Aku terhunyung dan terjelembab saat ayah menampar pipiku sangat keras. Bibirku robek dan aku tidak dapat menahan air mataku. Sakit rasanya saat ayah kandung mu sendiri menamparmu. Melihatku ditampar ayah, ibu segera berlari dan memelukku.

"Apa yang kamu lakukan! Dia anakmu!" ibuku membentangkan kedua tangannya demi melindungiku.

"Anak? Aku tidak butuh seorang anak omega seperti dia. Seorang lelaki itu seharusnya menanamkan benih! Bukan mengangkang dan ditanamkan benih oleh lelaki lain!"

"Jaga bicaramu! Mau dia alpha atau omega, dia tetap anak kita. Aku menyayanginya!" ibu berteriak tidak mau kalah dengan ayah. Dengan wajah murka, ayah mendorong ibu kearahku dengan kasar.

"IBU!"

"Cih! Tidak anak tidak ibu sama saja. Kalian hanya akan menjadi aib bagi keluarga ini!" pria yang sekarang ini berstatus ayahku dan suami dari ibuku menjentikkan jari nya. Seketika muncullah bawahan ayah.

"Usir mereka."

Dengan satu kalimat menyakitkan itu dia membuang kami. Bawahan ayah menggandeng kami keluar dari rumah besar itu dan setelah sampai gerbang ia mengeluarkan suatu kertas. Didalam kertas itu tertulis sebuah alamat rumah seseorang.
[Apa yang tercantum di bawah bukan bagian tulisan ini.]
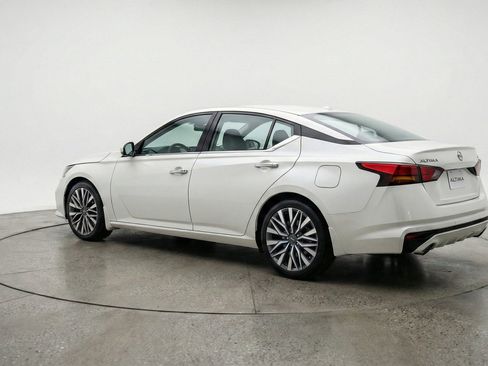 Used 2025 Nissan Altima 2.5 SV FWD image 6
"Pergilah, disana kalian aman. Itu adalah rumah kakek ku. Sekarang aku harus pergi, aku takut tuan besar mengetahui perbuatanku."
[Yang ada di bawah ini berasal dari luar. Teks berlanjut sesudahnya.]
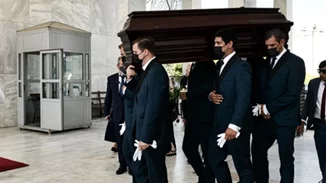 Κηδεία Τόλη Βοσκόπουλου: Σε κλίμα οδύνης το τελευταίο αντίο στον μεγάλο Έλληνα τραγουδιστή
Setelah memberikan salam terakhir ia pergi masuk kedalam rumah besar itu lagi.

End Flashback

Entah mengapa aku mengingat kembali bagaimana caranya aku bisa terdampar dengan seorang kakek renta. Membesarkanku layaknya cucu sendiri. Mengenai cucu, bagaimana ya keadan pemuda itu, kuharap pria jahat itu tidak mengetahui perbuatannya. Mataku tertuju secara tidak sengaja pada pemuda kuning didepanku ini. Pemuda aneh yang sudah menolongku sebanyak 3 kali. Wajah damai dalam mimpi itu membuat tanganku gemas ingin menyentuh pipinya. Saat tanganku terulur, mata si kuning terbuka. Aku yang terkejut segera menarik kembali tanganku.
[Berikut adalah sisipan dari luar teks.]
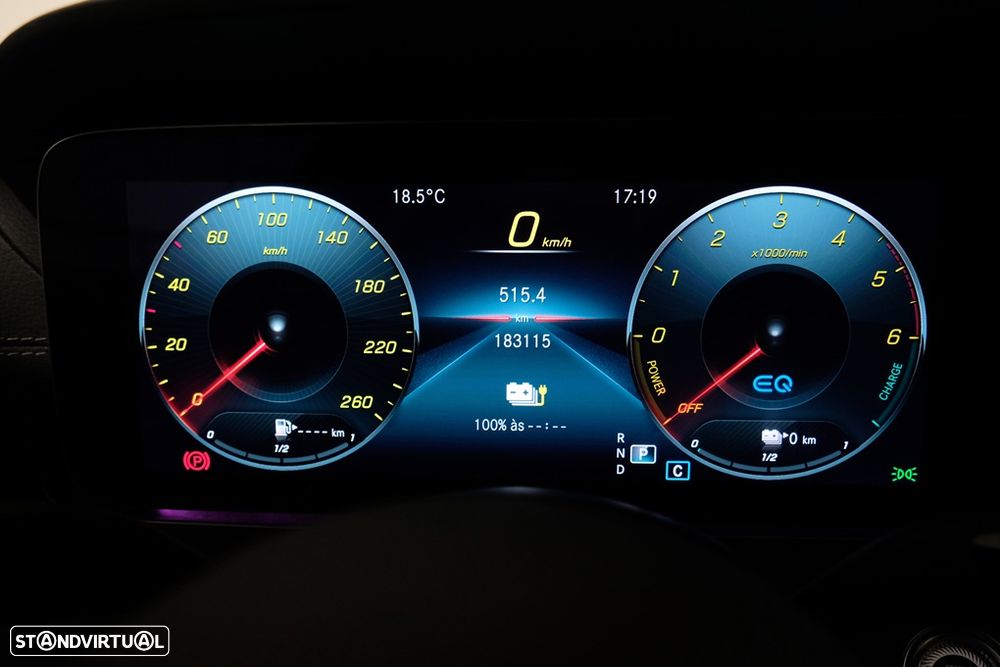 Mercedes-Benz E 300 de AMG Line - 12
"Sudah bangun?" tanyaku malu-malu babi. Sedangkan yang ditanya hanya menggeram dan memegangi kepalanya. Sepertinya Douma menghantam bocah kuning ini dengan cukup keras.

"Jam berapa?"

"Jam dimana para siswa/siswi melangkahkan kaki dari tempat ini dan kembali besok pagi—dengan kata lain ini sudah pulang sekolah."

"K KAU BERCANDA?"

"APA WAJAHKU INI SEDANG BERCANDA?!"

"KENAPA KAU MARAH PADAKU?!"

"TENTU SAJA AKU MARAH!"

"GALAK AMAT SIH!"

"APA KAU BILANG!"

"HUAAAA SERAMMM!"

"ENAK SAJA WAJAHKU INI TAMPAN TAHU!"

"TAMPAN APANYA KAU ITU CANTIK BUKAN TAMPAN!"

"HAH?!"

Nafas kami berdua sudah seperti orang dengan penyakit asma. Kami berlomba-lomba menghirup oksigen. Tidak kusangka bocah yang menolongku ini adalah orang yang berisik. Kupandangi dia yang masih saja komat kamit tidak jelas.

"Kalau kau menghawatirkan akan di hukum Giyuu sensei, buang saja kekahwatiran mu itu... karena aku yang membuatmu seperti ini, aku bilang jika kau adalah korban saat akan melerai perkelahian antara aku dan Douma."

Wajah anak ini yang tadi nya memucat berubah menjadi sangat cerah. Bagai ada efek bunga, ia memegang tanganku dan mengucapkan terimakasih berkali-kali padaku. Ku lepaskan genggaman tangannya dan mulai memalingkan wajah kearah jendela yang terbuka. Langit sore mengantarkan kami pada keheningan.

"Hei kuning, aku mau bilang sesuatu."

"Kunang kuning kunang kuning. Aku ini punya nama tahu!"

"Berisik! Biarkan aku melanjutkan kata-kataku!"

"Cih–galak"

"Well, umm... Aku hanya mau bilang... Terimakasih."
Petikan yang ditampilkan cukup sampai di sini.